The rescue was the latest episode involving the bus, first made famous by Jon Krakauer’s book published in 1996 and then by Sean Penn’s 2007 film of the same name. Both fueled a lingering mystique about a young idealist, Christopher McCandless, who met his death from starvation in the bus, which is about 10 miles north of the entrance to Denali National Park and Preserve.
Over the years, some hikers have been rescued and others have died while trying to retrace McCandless’ last steps.
In July, a newlywed woman from Belarus died after she was swept away by the Teklanika River while trying to reach the bus with her husband.
In 2013, three German hikers trying to reach the bus were rescued after a river they crossed became impassable because of high, fast-moving water.
Families of some of those who died are now behind a proposal before Denali Borough for a feasibility study for construction of a footbridge over the Teklanika.
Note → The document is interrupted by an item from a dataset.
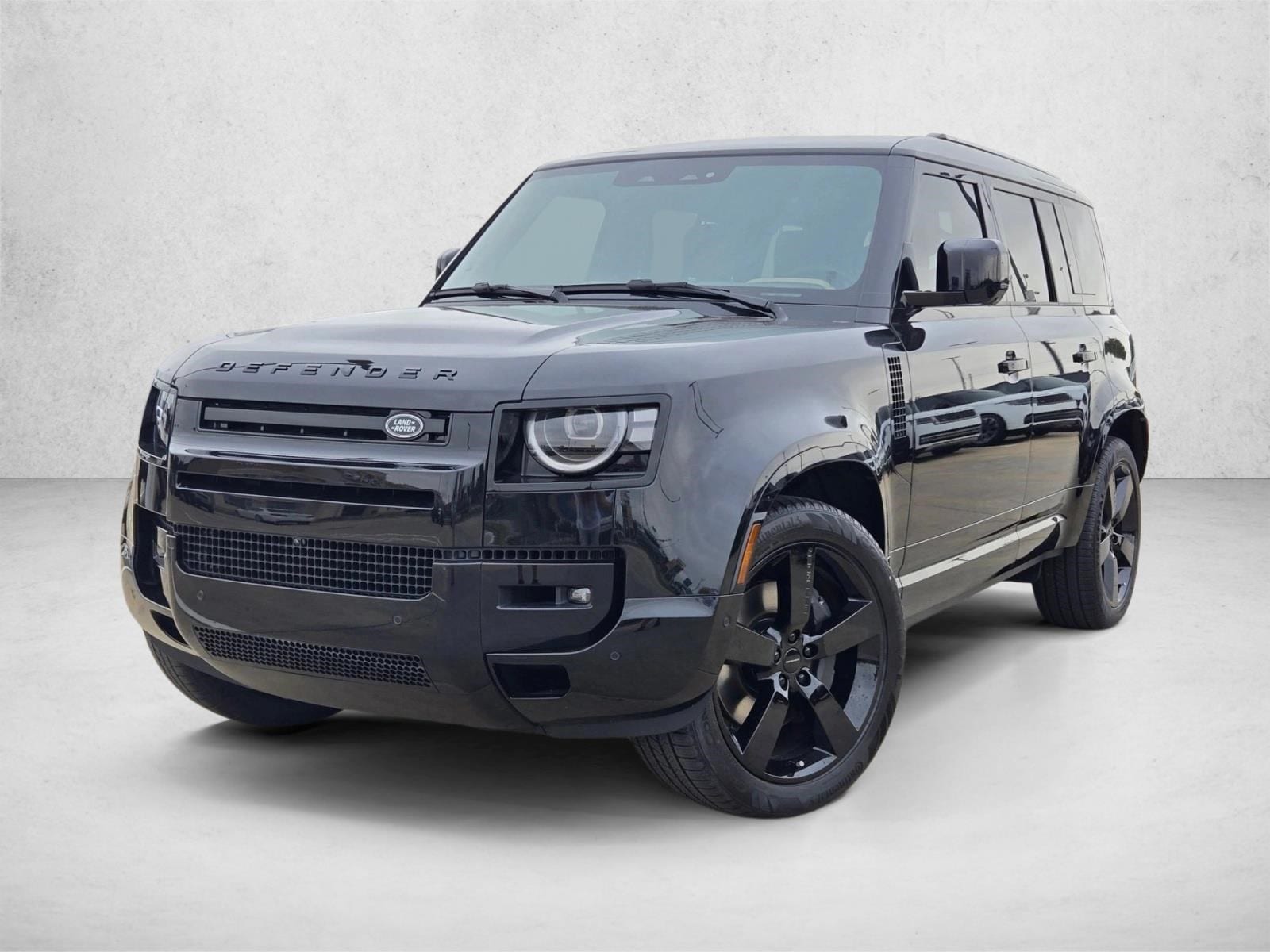 New 2026 Land Rover Defender 110 X-Dynamic SE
The idea is in the early stages, and no decision has been made. But borough Mayor Clay Walker said there are several concerns among officials. A footbridge might give people a false sense of security. It could lead to more people trying to reach the bus, and that could lead to more rescues, Walker said.
There are more hazards in the unforgiving wilderness surrounding the bus, as Saturday’s rescue illustrates.
“A footbridge wouldn’t have changed the need for a rescue,” Walker said.
As far as he’s concerned, a better solution would be to remove the bus. “The fact that the bus is there raises that attraction level,” he said.